Showcasing what they call ‘sustainable cuisine’ inspired by the island nation, the latest offering from Le Comptoir presents a good first draft
When Le Comptoir’s Tri in Repulse Bay first opened, it was one of the most beautiful venues in Hong Kong—in 2015, we named it as part of the year’s top 20 restaurants list, commending its ability to transport diners from the glass and steel environs of The Pulse to the world of natural woods, bamboo and cold stones of Bali. Many years later, it has been reborn as Poem, with the group trying to recapture the magic of the seaside restaurant in the challenging space that is LKF Tower and the former home of Lily & Bloom.
It’s clear no expense has been spared with the décor, and upon entering it’s easy to be impressed by the transformation of the space—lush greenery and colourful batik dominate the walls, and there’s a thoughtful mixture of concrete and bamboo to balance the nature-meets-the-city aesthetic. The front of the room feels more casual, with a few high tables and square two-tops, and the back of the restaurant is where the drama lies—granite tables (carved from river boulders) and a large hand-woven bamboo chandelier that hangs from the second storey atrium.

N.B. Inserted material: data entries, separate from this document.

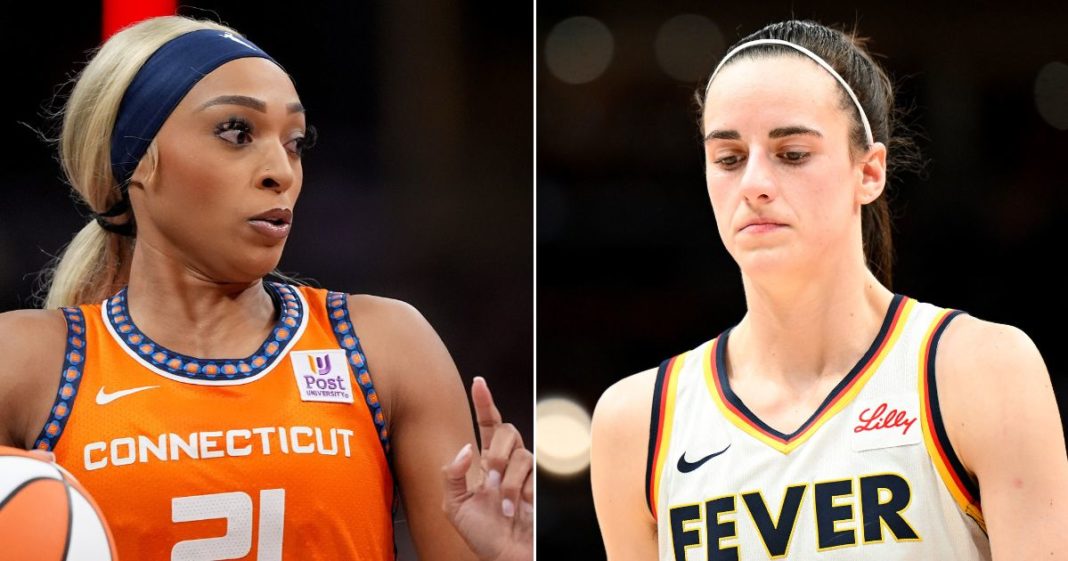 At left, DiJonai Carrington of the Connecticut Sun drives the ball during a game against the Indiana Fever at Gainbridge Fieldhouse in Indianapolis on May 20. At right, Caitlin Clark of the Fever walks down the court during ta game against the Washington Mystics at Capital One Arena on June 7.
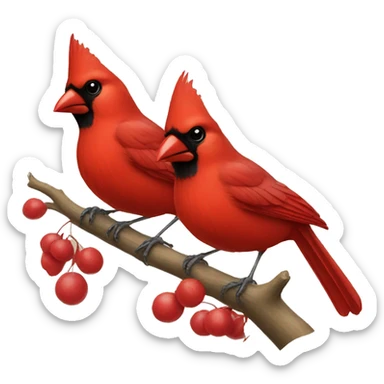 two cardinal birds sticker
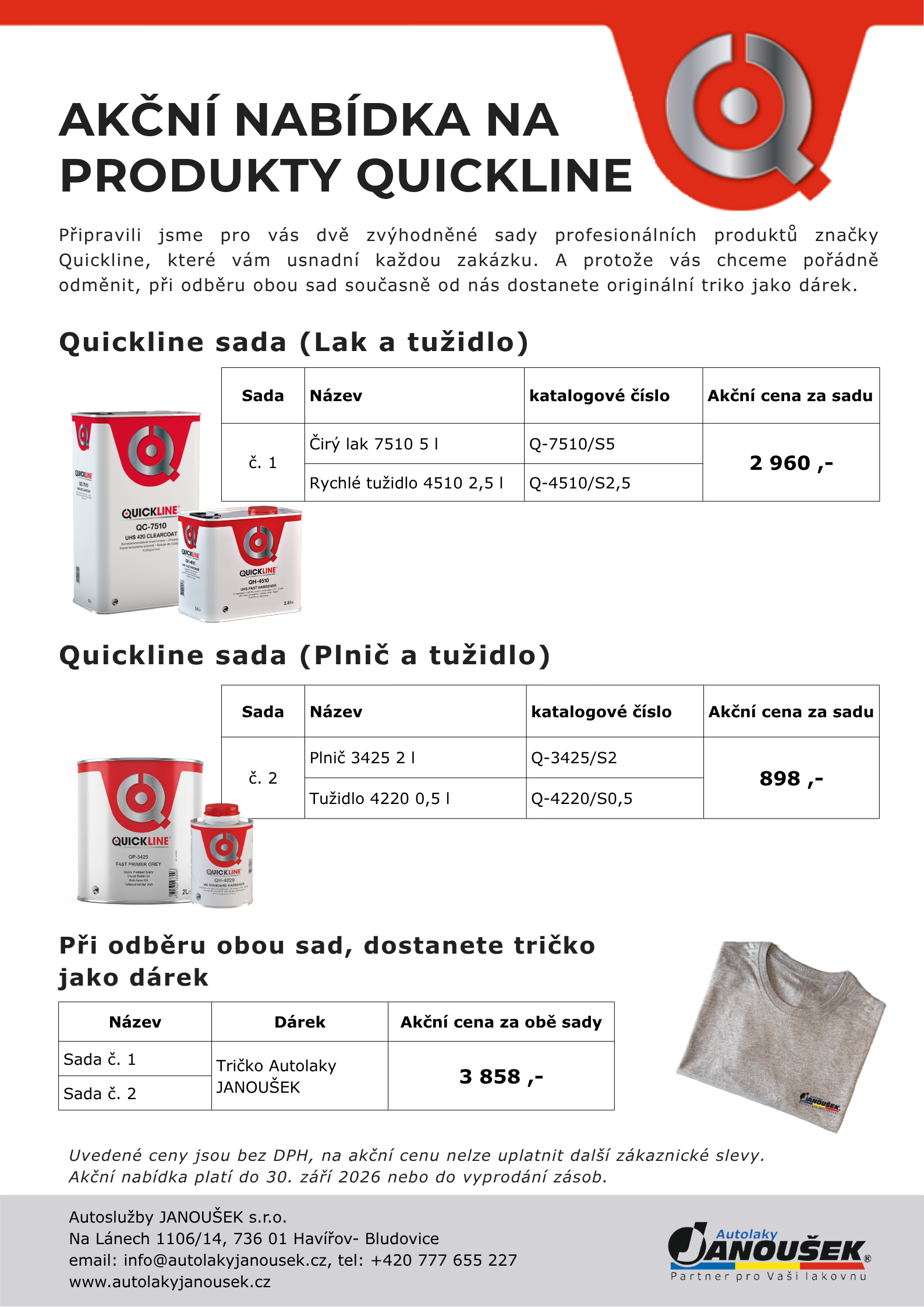 Akční nabídka na produkty Quickline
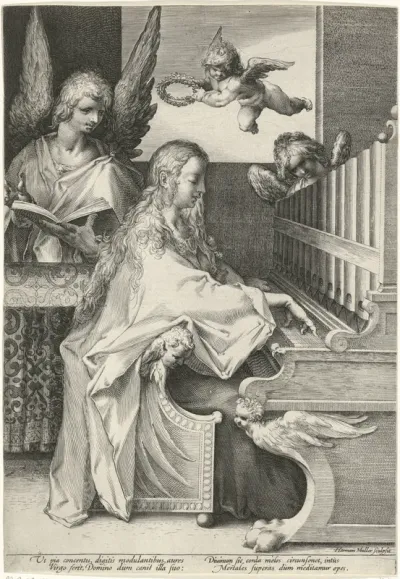 H. Cecilia spelend op het orgel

Heading up the kitchen is chef Denny Sumarko, previously chef de cuisine at Tri and a Bali native. The menu is designed to incorporate as many sustainable and organic ingredients as possible, in family-style dish formats that allow for easy sharing between guests. Prices are on the mid-range scale, with many dishes around or below HK$100 and the most expensive lobster main pitched at HK$498; while staff are not quite able to make the clearest indication of how many dishes we should order, it’s easy enough to judge by the categories.